When it comes to the EOS RP, the features tend to be similar to older models but for a cheaper price point and a mirrorless design. If you are familiar with a few Canon models, you will read that the EOS RP has the same 26-megapixel sensor as the EOS 6D Mark II that came out in 2017. It also has some qualities that aren’t top-notch like a lower-resolution EVF, a small battery, and low-quality video features.
Regardless of its recycled tech and lack of top-quality, it still sells because of its affordable price, compact size, and full frame sensor.
The EOS RP has a small build, even smaller than Canon DSLRs with an APS-C sensor. And even with its compact exterior, Canon still was able to make its other features, like buttons, viewfinder, and screen, a fair and convenient size for consumers. It even has a comfortable grip while still being small. The grip itself is pretty comfortable but might not be as comfortable with larger lenses. Though, an optional grip extender is available for purchase.
Even with the all-plastic construction, the RP feels solid while being lightweight. There aren’t many creaks or cost-cutting in the exterior which makes it have a clean look. Although the camera does not have weather-sealing – with the price, one cannot complain too much. The good thing is the RP lenses have a gasket that stop dust and moisture from getting in and accumulating around the mount.
Screen and Viewfinder
The rear screen is a great responsive screen, which makes it easy and smooth to use. When it comes to the electronic viewfinder, it has a lower resolution but nonetheless, it portrays vibrant color and contrast. This is all thanks to the OLED panel.
What you must be careful with is the fact that the eye sensor does not disable. The rear screen is able to flip out but if you move the camera too close to your body, it could deactivate the screen.
It’s safe to say that the EOS RP is catered towards those who are entry-level when it comes to using a camera. And even as an entry-level camera, its connectivity options are full-featured. There is an HDMI port, a microphone jack along with a headphone jack, and a remote jack. It also has a USB-C port which is a modern port and allows USB charging.
WiFi and Bluetooth LE are available with the EOS RP with the setup is simple and straightforward. You can download Canon’s Camera Connect app which will allow you to see and download image on the camera along with using your smartphone as a remote.
The battery life on the RP isn’t as great as one would think. The camera uses Canon’s LP-E17 battery pack which has been used in numerous rebels and EOS M-series cameras. What makes RP’s battery drain quicker is its hungry sensor. Because of the sensor’s size, the battery life is about 250 shots. And although there is a USB port on the camera, the RP tends to be a bit selective about USB charging.
If you had the EOS 6D Mark II then image quality will be a bit similar with the EOS RP. As both models share the same sensor, this should not be much of a surprise. Although, the RP does have an updated processor so there are some differences.

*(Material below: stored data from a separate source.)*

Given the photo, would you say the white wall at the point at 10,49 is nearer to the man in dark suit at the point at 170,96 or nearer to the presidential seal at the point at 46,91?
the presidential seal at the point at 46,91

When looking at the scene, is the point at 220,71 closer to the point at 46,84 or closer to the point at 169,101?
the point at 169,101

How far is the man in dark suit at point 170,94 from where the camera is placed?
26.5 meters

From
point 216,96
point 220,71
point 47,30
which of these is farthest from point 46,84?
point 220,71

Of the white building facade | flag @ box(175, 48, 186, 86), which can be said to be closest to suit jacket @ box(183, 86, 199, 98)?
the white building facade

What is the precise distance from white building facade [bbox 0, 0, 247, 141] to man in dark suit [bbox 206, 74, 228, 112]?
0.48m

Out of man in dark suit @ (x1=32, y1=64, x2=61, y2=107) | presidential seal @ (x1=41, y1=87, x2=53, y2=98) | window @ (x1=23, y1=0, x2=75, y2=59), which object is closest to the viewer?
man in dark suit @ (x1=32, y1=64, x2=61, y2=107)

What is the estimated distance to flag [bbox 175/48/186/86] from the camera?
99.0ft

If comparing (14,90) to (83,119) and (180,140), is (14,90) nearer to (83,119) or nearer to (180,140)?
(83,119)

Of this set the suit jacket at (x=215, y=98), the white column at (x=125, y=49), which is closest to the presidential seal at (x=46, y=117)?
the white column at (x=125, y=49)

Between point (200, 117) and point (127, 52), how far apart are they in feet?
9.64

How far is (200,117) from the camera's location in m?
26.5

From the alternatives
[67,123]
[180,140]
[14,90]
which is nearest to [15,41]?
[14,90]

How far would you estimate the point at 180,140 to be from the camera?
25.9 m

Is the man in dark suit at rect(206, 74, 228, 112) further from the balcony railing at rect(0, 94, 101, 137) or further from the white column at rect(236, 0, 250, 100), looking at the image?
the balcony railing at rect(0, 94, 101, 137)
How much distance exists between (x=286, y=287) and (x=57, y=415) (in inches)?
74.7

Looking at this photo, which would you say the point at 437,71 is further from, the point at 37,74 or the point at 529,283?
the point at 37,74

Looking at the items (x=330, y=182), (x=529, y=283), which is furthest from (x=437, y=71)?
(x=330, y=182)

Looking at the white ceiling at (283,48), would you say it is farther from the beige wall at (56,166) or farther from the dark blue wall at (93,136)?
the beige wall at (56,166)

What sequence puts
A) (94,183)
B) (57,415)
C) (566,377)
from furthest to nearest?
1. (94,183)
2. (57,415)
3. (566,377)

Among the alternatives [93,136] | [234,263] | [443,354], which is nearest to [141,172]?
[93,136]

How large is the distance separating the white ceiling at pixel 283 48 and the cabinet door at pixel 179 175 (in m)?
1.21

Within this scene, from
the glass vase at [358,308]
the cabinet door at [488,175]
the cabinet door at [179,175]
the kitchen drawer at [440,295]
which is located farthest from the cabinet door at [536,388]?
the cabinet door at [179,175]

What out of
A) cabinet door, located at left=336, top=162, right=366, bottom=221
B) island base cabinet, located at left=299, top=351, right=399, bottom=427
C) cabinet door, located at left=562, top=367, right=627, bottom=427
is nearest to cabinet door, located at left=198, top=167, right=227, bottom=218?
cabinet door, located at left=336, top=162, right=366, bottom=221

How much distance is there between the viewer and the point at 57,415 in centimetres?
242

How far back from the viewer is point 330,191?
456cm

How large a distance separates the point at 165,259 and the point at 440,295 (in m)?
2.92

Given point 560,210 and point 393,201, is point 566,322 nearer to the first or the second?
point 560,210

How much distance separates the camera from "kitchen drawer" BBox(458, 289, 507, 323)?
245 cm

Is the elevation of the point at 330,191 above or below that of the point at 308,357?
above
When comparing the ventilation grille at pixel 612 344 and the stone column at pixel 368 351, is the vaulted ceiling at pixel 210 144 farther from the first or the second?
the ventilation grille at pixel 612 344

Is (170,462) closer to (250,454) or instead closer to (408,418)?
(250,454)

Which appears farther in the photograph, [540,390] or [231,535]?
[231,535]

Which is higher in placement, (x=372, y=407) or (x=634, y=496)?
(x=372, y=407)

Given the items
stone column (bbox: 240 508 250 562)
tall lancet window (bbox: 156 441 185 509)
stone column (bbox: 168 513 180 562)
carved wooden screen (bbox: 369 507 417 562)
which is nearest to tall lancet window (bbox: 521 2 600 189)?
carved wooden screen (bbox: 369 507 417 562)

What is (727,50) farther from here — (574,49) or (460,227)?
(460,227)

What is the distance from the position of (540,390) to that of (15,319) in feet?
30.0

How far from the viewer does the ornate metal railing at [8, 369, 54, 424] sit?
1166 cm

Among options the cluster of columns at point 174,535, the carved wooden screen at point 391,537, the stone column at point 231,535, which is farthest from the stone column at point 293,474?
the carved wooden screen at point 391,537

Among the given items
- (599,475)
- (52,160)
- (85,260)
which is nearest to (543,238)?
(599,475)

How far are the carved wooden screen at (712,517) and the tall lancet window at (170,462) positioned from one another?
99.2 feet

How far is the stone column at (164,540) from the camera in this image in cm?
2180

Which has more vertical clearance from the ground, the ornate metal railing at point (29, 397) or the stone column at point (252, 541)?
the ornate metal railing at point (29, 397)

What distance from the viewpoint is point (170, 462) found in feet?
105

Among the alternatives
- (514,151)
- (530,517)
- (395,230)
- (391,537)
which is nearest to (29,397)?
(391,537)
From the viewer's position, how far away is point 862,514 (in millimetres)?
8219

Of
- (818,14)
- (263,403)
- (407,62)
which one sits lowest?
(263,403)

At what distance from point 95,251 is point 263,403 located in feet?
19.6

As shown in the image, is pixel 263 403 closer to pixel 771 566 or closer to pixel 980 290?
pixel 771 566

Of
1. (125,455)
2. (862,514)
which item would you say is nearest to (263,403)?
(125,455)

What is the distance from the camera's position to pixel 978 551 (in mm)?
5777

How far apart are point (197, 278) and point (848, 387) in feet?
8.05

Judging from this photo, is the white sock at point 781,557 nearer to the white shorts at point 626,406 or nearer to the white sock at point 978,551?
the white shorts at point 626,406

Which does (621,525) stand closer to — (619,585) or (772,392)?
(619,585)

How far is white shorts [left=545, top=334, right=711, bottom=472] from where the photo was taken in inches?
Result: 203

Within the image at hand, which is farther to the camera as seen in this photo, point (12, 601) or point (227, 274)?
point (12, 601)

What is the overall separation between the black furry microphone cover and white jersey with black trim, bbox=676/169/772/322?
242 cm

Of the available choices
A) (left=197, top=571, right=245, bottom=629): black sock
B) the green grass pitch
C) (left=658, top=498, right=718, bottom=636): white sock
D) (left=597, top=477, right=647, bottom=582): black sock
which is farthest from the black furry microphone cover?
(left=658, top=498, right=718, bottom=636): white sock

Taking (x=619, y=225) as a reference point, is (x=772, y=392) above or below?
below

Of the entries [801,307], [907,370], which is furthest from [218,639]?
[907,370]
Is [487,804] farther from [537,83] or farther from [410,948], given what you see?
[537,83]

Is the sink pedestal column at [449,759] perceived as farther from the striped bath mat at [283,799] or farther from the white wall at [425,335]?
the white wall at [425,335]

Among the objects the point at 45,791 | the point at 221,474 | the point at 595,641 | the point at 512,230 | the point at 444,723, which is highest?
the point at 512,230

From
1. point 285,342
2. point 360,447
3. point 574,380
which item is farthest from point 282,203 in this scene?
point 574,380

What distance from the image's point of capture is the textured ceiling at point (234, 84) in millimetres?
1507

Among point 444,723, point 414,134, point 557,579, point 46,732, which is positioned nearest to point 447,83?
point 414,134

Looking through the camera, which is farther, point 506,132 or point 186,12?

When it comes to the image quality and figuring out whether to shoot in JPEG or RAW, just know that both are quite the same. And that isn’t something a consumer would want, especially if they are accustomed to shooting in RAW and get JPEG material. The RAW quality isn’t up-to-par for its format so shooting in either one, you won’t get much detail as one would think shooting in RAW.
With that being said, the RAW format definitely does not compare to its competitors like the Nikon Z6 or the Sony A7 III. But of course, these are much more expensive models.
Aside from its image resolution, the full-frame sensor does make up for it. The sensor does an incredible job as focusing on subjects when you want a thin depth of field. This will evidently reduce your time in post-production.
How Do They Compare?
|Canon EOS RP||Sony A7 III|
|Has a 26-megapixel full-frame sensor||Has a 24-megapixel full-frame sensor|
|Has a 3-inch articulated screen||Has a 3-inch tilting screen|
|Not weather-sealed||Weather-sealed body|
|No image stabilization||Has sensor-shift image stabilization|
Canon really did not wow the audience with the EOS RP. But yet, it’s still a model that must be talked about. There wasn’t anything revolutionary. A lot of the tech and features that were put in this camera has been seen in other models. But what made people look into the RP was its full-frame sensor for an affordable price while still producing excellent content.